A successful parent does not play one kid against the other.  The children of good parents know they are loved, unconditionally and equally.  A failed parent says, "Why can't you be more like your sister?" and "Your brother never disappoints me like you do."  A failed president doesn't consider all Americans equal.  Instead he talks about fat-cat bankers, rails against greedy Wall Street hedge fund managers, and refers to Republicans as enemies.

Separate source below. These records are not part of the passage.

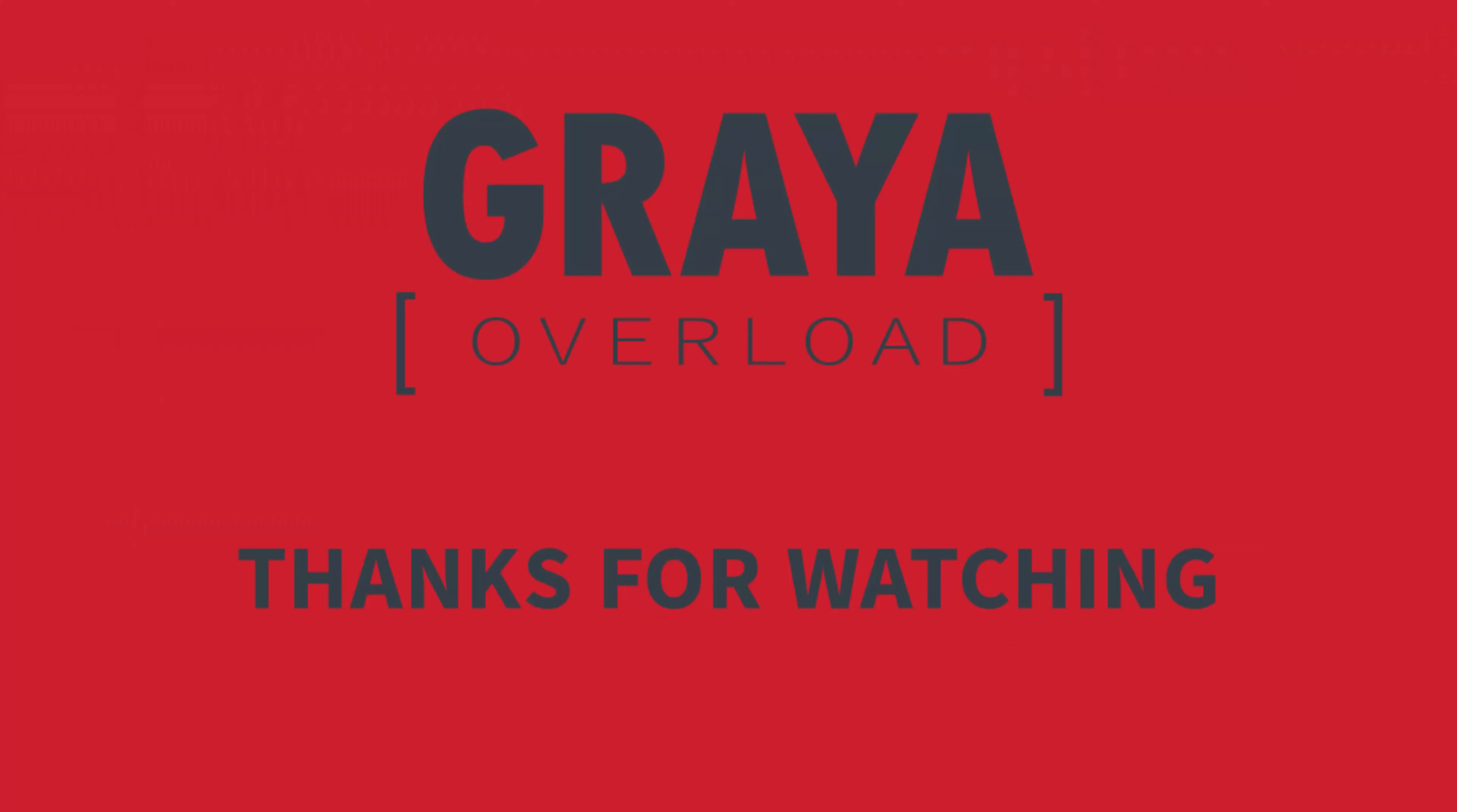Let me know what your comments are in the comments below, and don't forget to do the normal YouTube stuff. Like, subscribe, hit the bell icon, all that fun stuff. And until next time, God bless and thanks for the like, share, and subscribe.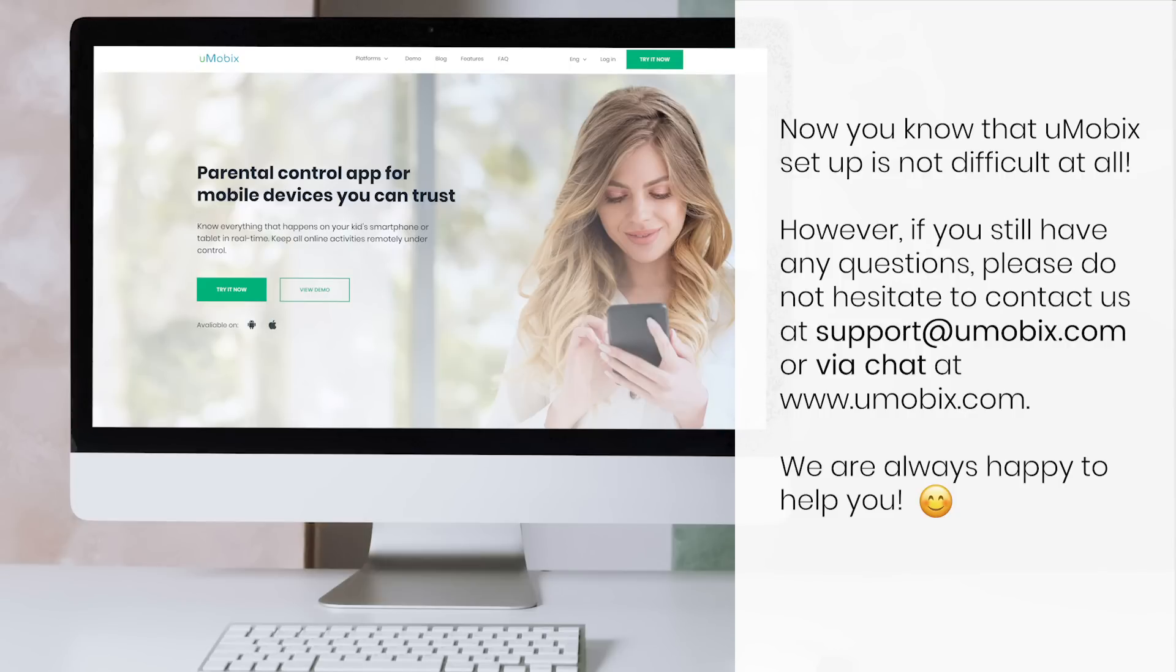Now you know that Umobix setup is not difficult at all. But if you still have questions, contact us at our email support at Umobix.com.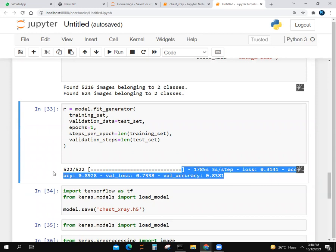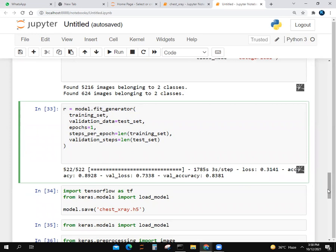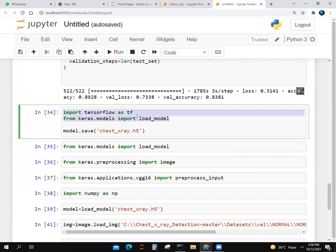It will take many times. It takes one and a half hours to run. After that, we import TensorFlow as tf and save our model as chest_xray.h5.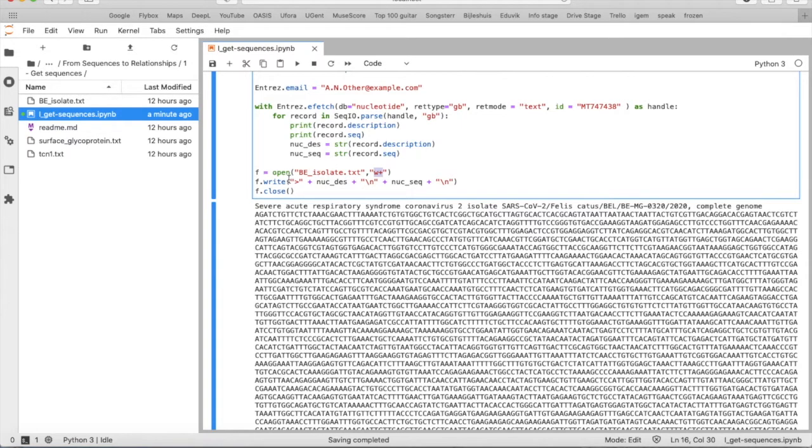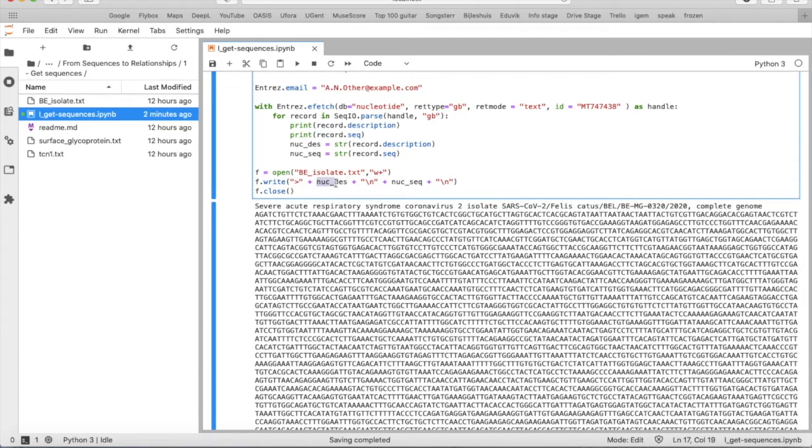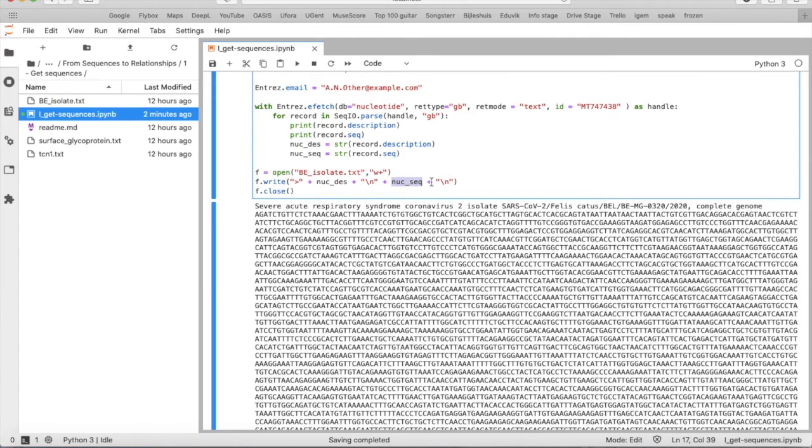Then what do we write? We write a new FASTA file, so first of all the FASTA file symbol plus the description plus a new line plus the nucleotide sequence and then you finish with a new line as well.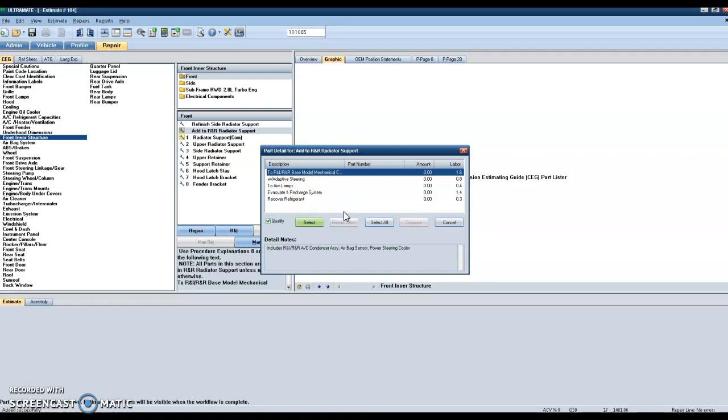So I hope this helps you get some clarity that there may be some additional labor operations that are required, and again, where to see the detailed line notes of what is specifically included with that labor operation. Signing out. Have a good one. Bye-bye.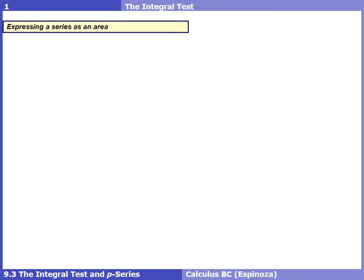Here in 9.3, we're going to talk about a test that will determine whether an infinite series converges or diverges, and that test is called the integral test. The reason it's called the integral test is because, as we know about definite integrals, there's the associated concept of area with it.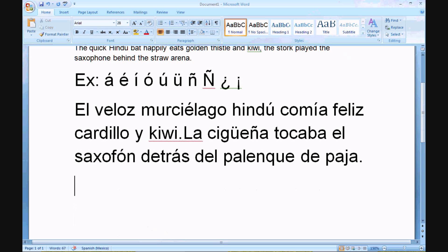You might also have to type a euro symbol. That would be the right ALT key — the ALT key to the right of the space bar — and the number five.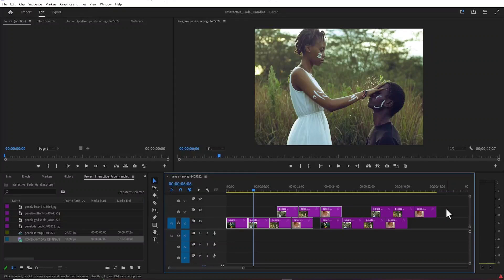Hello guys and welcome to another tutorial. In this tutorial, I'm going to show you how to work with a Premiere Pro project in DaVinci Resolve. To begin, I have this project in Premiere Pro.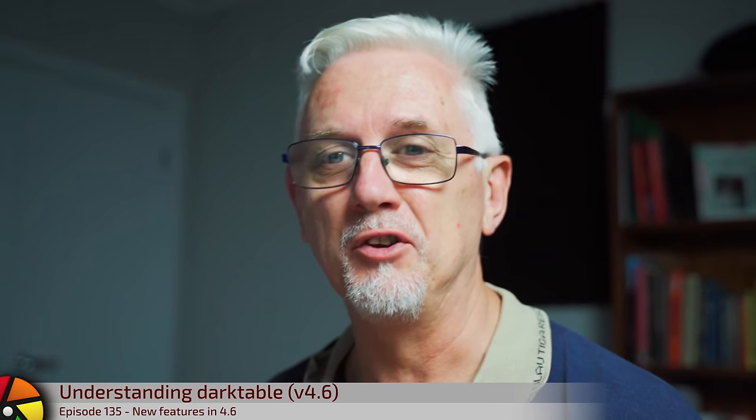Hi and welcome to episode 135 of Understanding Darktable. My goal is to devote no more than one minute to each of these. Let's see how we go.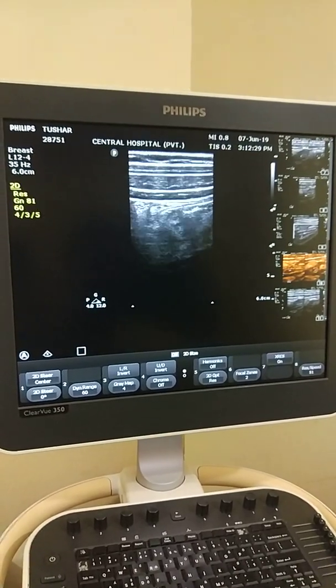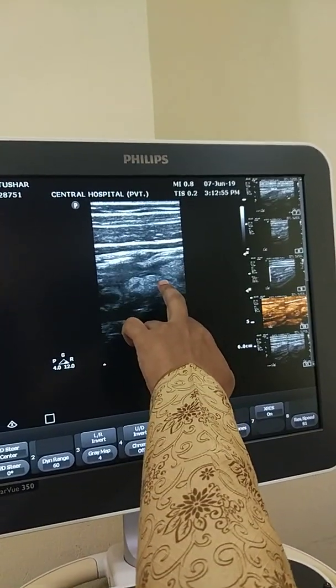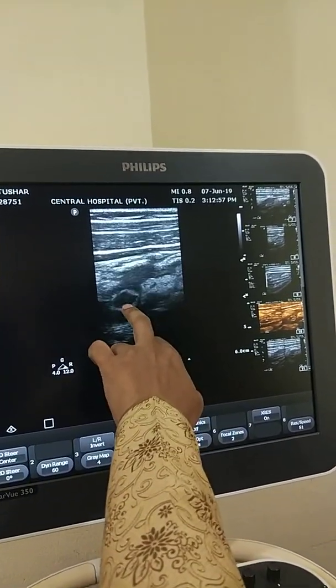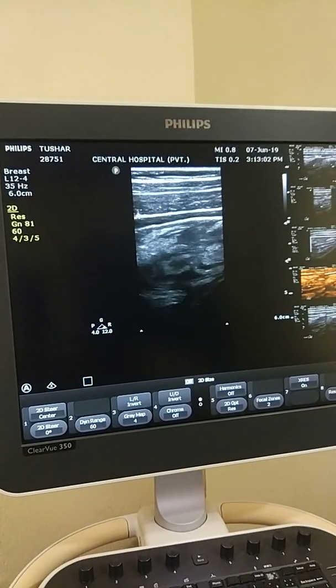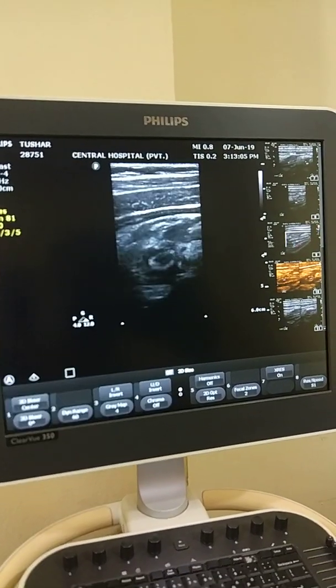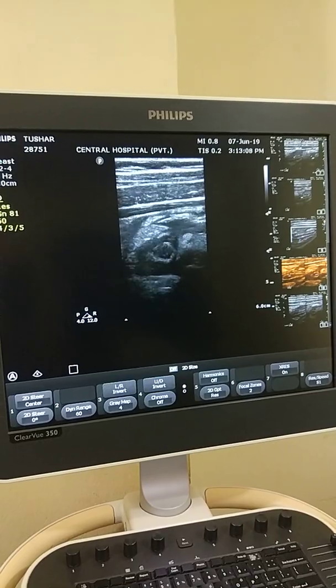Now you can see where I found it. The appendix is not in the right iliac fossa. When I scanned near the right hypochondrium, I found the fat and this is the appendix. So my diagnosis is that this is a case of acute appendicitis. Thank you everyone.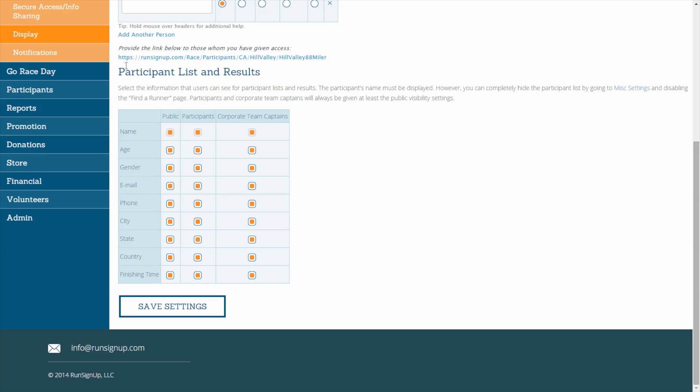Here you will find a table of checkboxes that will allow you to choose who has access to what when it comes to participant information. Information settings can be customized for the public, the participants, and the corporate team captains.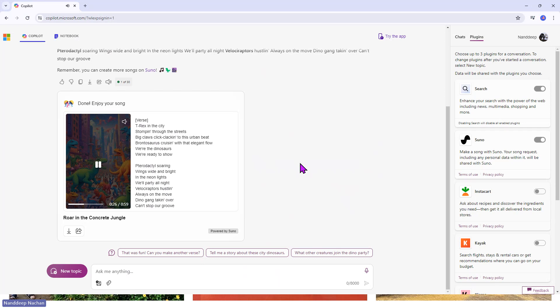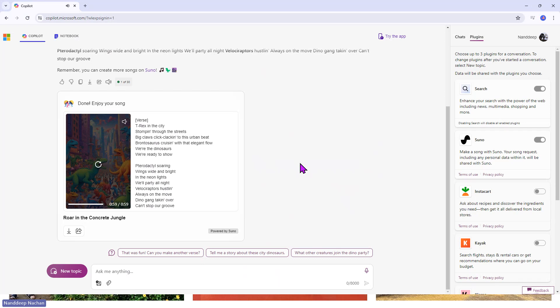[Song playback with music and lyrics about dinosaurs in the city]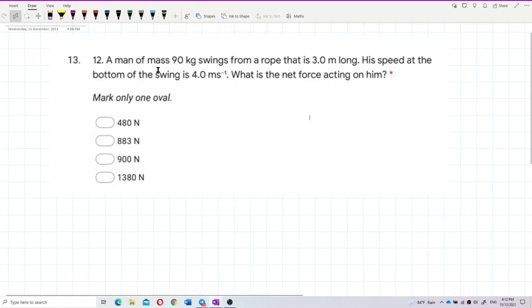A man of mass 90 kilograms swings from a rope that is 3 meters long. His speed at the bottom of the swing is 4 meters per second. What is the net force acting on him?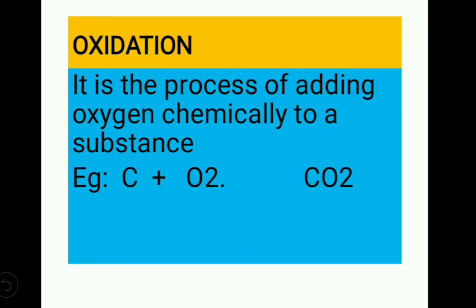What is oxidation? It is the process of adding oxygen chemically to a substance. So it is a chemical change. Carbon plus oxygen gives carbon dioxide. New substances are forming — carbon dioxide is a new substance. So, oxygenation is a physical change; oxidation is a chemical change.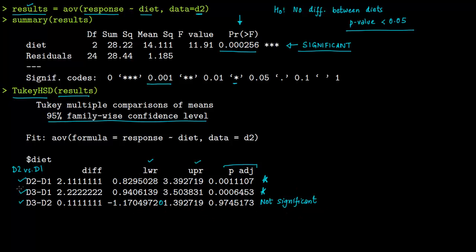In conclusion, there is a difference between diets: diet 1 and diet 2 are significantly different, diet 3 and diet 1 are significantly different, but there is no significant difference between diet 3 and diet 2.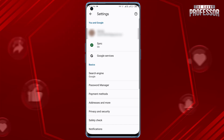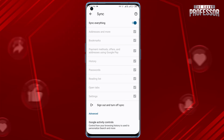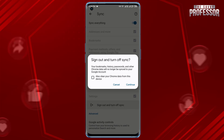Under Settings, tap on Sync. In the Sync menu, you will see the Sign Out and Turn Off Sync option. Tap on it, then tap on Continue.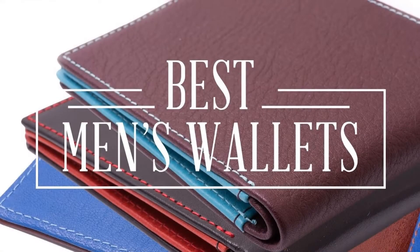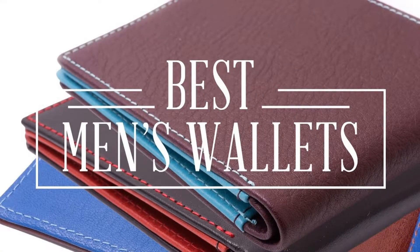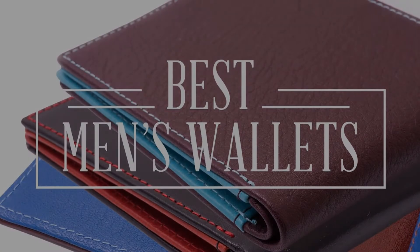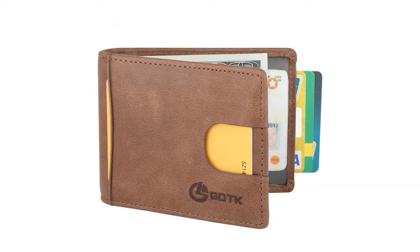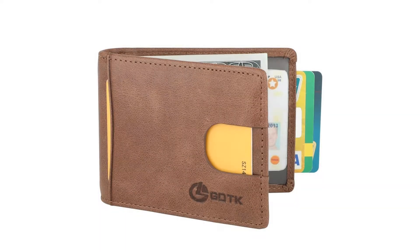RFID Blocking Bi-Fold Slim Genuine Leather Thin Minimalist Front Pocket Wallets for Men Money Clip. Durable Full-Grain Handcrafted Retro Cowhide Leather.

Successful parents raise their kids to become independent adults.  It's a bit of a paradox, but good parents realize they've succeeded when their children no longer need them.  Failed presidents, however, mark success by how many more Americans have become dependent upon government.  A perfect illustration is hearing the president brag about the provision in ObamaCare mandating that insurance companies keep adult children on their parents' policies until they're 26 years old.

This is what we've come to, twenty years after Denton Walthall's question.  The country of rugged individualists who defeated the Soviet Union and became the world's lone superpower is ecstatic over the opportunity to remain children on parents' health insurance until age 26.

But I see a spark of hope for America -- a new declaration of independence.  It's called the Tea Party.  In 2009, millions of conservatives awakened.  In 2010, they seemed to rise up with one voice and shout, We are not your children!  Hopefully, in 2012, the era of Presidential Parenting will be over.

Carol Peracchio is a registered nurse.